Это стало у нас одной из любимых игр. На полу мы составляли из каких-то коробочек поезд, доверху закидывали вагоны всякой мелочью, трогались, а потом начинали «высаживать», а попросту — выкидывать наших пассажиров в разные стороны.

Но мама меня успокоила. Она же была капитан, в орденах и со всякими предписаниями. Никто нас не тронул. Поезд шёл через Сталинград, потому что мосты через Дон были разрушены, так что от Краснодара до Москвы мы ехали шестеро суток.

Помимо прочих, Москва тянула меня ещё одним соблазном. Дело в том, что в последнюю краснодарскую зиму в нашем доме (не помню, откуда) появились коньки. Две такие почернелые, старенькие «снегурки», принесшие всем нам троим неисчислимые радости и наслажденья. Распределялись эти «снегурки» так: сначала катался на них старший, Вовка, когда был свободен от школы, уроков и прочего. А когда он был занят… О, тогда всё снежное королевство принадлежало нам с Ромкой.

Коньки оказались тем хороши, что их было два, и значит, делились они ровно пополам. Мы делили их с Ромкой. Прикручивали верёвкой один конёк на правый валенок и, отталкиваясь левым, а правым скользя, неслись по-над снежным покровом, как низко летящие птицы.

Но однажды тётя Надя, Вовки-Ромкина мама, сказала, что её московские брат и сестра (мои дядя Володя и тётя Наташа) до войны были ярыми конькобежцами, что у них было, у каждого, по паре коньков — не «снегурок», а каких-то особенных, — но мало того, коньки эти были привинчены к настоящим кожаным ботинкам, то есть были они — «на ботинках»!

Не то чтобы обладать такими сокровищами (это уж слишком), но видеть их, и не где-то, а дома, держать, в руках и даже, может быть… Таково было первое моё вожделенье, в которое воплотилась Москва.

Москва

Cовсем не помню, как мы приехали. То есть, как остановился поезд и мама что-нибудь, наверное, сказала, что вот, дескать, и Москва… Как выходили из вагона, как вещи несли, встречал ли кто, как добирались от Казанского вокзала, — ничего этого отчего-то не помню. Как будто бы за время пути я снова оказался в животике у мамы и родился уже дома, умея ходить, говорить и во что-то одетым.

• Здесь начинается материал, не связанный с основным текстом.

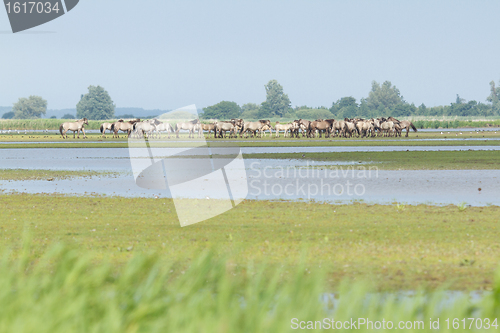 Image of A group of Konik horses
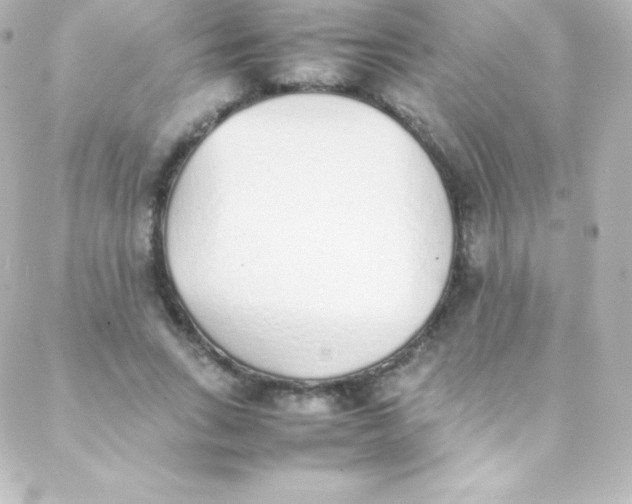 X0000088150735200705291422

Вот тут-то я и заметался и стал всё оглядывать. Оказалось, что живём мы в третьем этаже трёхэтажного дома, а подъезд наш — парадный, в нём четыре квартиры. Мы сюда переехали перед самой войной и жили теперь не у Красных Ворот, а на Земляном Валу, точнее, на улице Машкова, на Машковке, как все говорили.

Вообще-то исконное, подлинное имя этой нашей улицы было иное. Ещё в XVIII веке, когда и улица ещё не сложилась, а просто было место, обосновались тут посадские люди. И так они славно здесь устроились и хорошо так прижились, что меж собою стали звать своё место Добрая слободка. Имя это потом перешло и на улицу. В «Путеводителе по Москве» 1916 года указано, что Мировой Судья, один из шести десятков московских мировых, принимает по адресу: ул. Добрая слободка, 4 «ежедневно, кроме понед. и 2-го числа каждого мес. с 9 ½ — 11 ½ ч. дня».

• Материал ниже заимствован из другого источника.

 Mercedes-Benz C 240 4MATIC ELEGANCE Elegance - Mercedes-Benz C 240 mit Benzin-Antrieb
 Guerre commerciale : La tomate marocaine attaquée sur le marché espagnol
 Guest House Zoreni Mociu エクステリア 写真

Конечно, когда мы сюда заселились, улица уже давно была — Машкова. До 1922 года советская власть старое название как-то терпела (или просто руки не доходили), а тут и терпение кончилось: да что же это за название такое паршивое — Добрая слободка? Старорежимность и вообще какой-то дряблый гуманизм!